Google has removed nine Android apps that were downloaded more than 5.8 million times from its Play marketplace after security researchers revealed they had been stealing users' Facebook passwords.
Analysts for Doctor Web, a Russian anti-malware company, found the apps contained different variations of the Android.PWS.Facebook trojan.
All of the apps functioned as expected with the view to lowering the vigilance of potential victims, Doctor Web said.
Once in the app, users were offered the opportunity to unlock full functionality and disable in-app adverts by logging in with their Facebook accounts.
"After the victim logged into their account, the trojans also stole cookies from the current authorisation session. Those cookies were also sent to cybercriminals."
All of the programmes were set up to steal Facebook account credentials, but the trojan settings were easy to update to load the web page of any other site.
"They could have even used a completely fake login form located on a phishing site. Thus, the trojans could have been used to steal logins and passwords from any service."

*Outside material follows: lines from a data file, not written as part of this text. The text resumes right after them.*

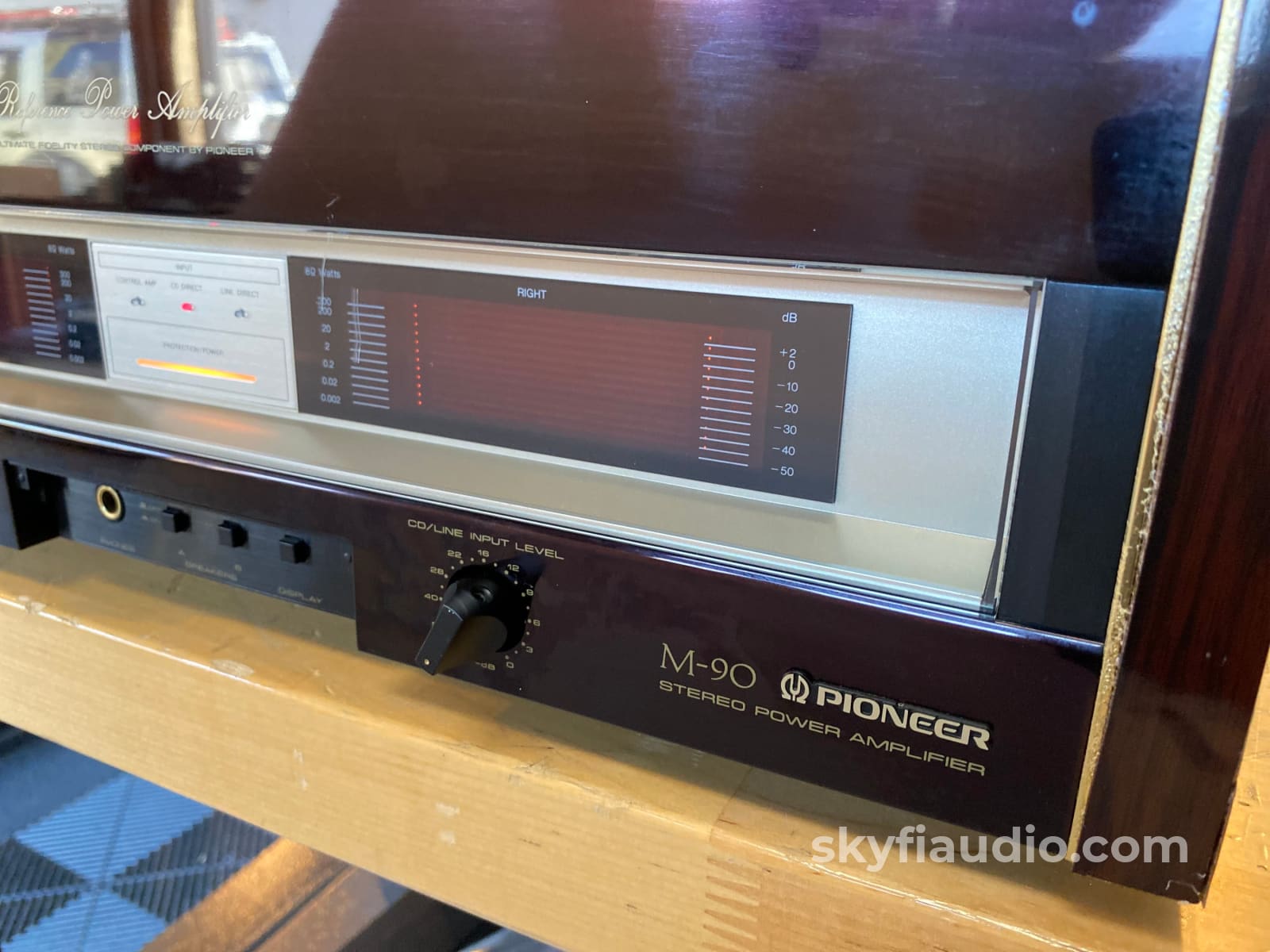 Pioneer M-90 Vintage Amplifier - Tested To 200W Cosmetically Challenged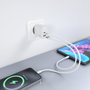 AISENS Cargador GaN 45W USB-C PD3.0 y USB-A QC3.0 Blanco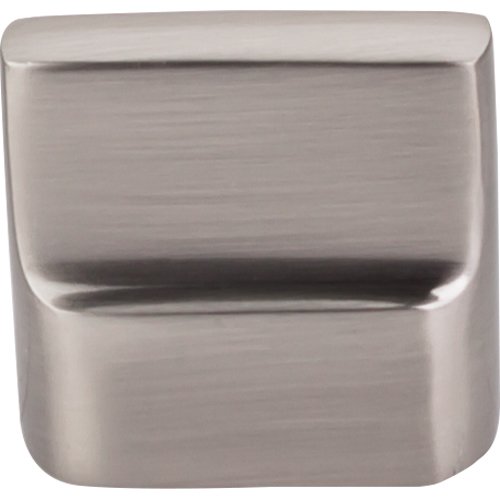 Aspen II Flat Sided 7/8" Centers Long Rectangle Knob in Brushed Satin Nickel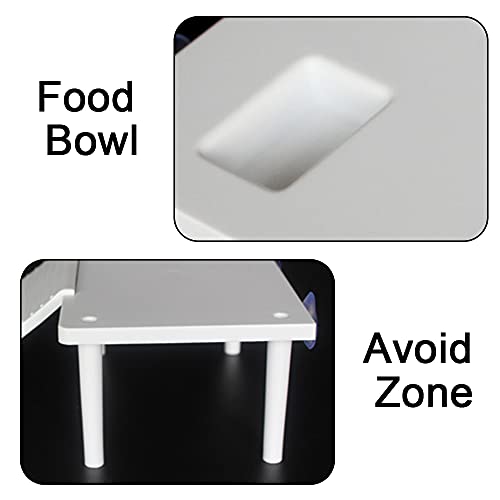 NA Reptiles plataforma flotante plataforma de tortuga escalera escalada Terrapin bandeja para tomar el sol para mascotas pequeñas baño descanso juego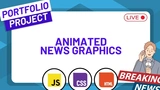 Create Animated Breaking News Graphics with HTML, CSS and JavaScript thumbnail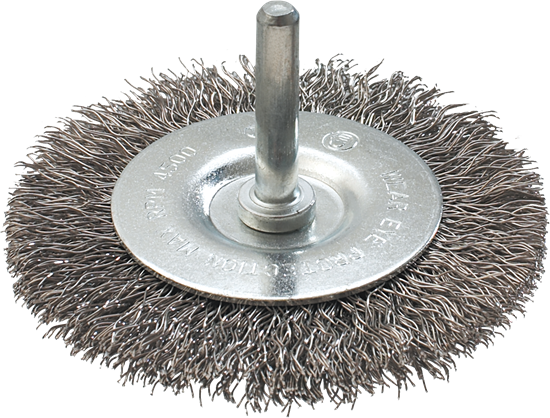 Picture of Graphite Szczotka druciana tarczowa z trzpieniem 50mm INOX - 57H601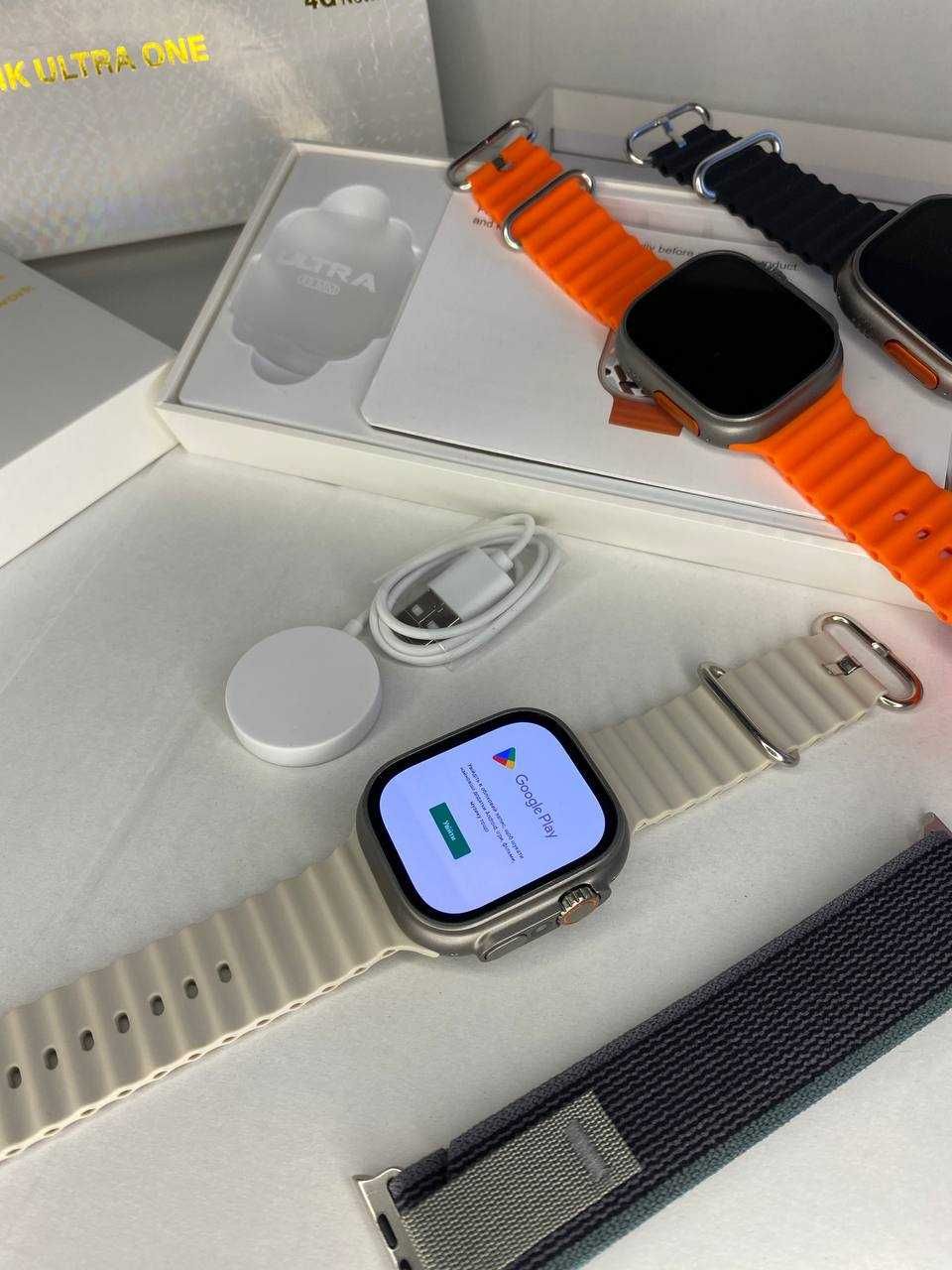 Уценка! Часы с сим картой на Андроид Smart watch 4g Android GPS Google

The most popular app, PIP Photo, had been downloaded over 5 million times before it was removed, with Processing Photo next with more than half a million downloads.
The apps were:
- PIP Photo
- Processing Photo
- App Lock Keep
- Rubbish Cleaner
- Horoscope Daily
- Horoscope Pi
- App Lock Manager
- Lockit Master
- Inwell Fitness
A Google spokesperson told Ars Technica the company had also banned the developers of the apps, meaning they won't be allowed to submit new apps to the Play store.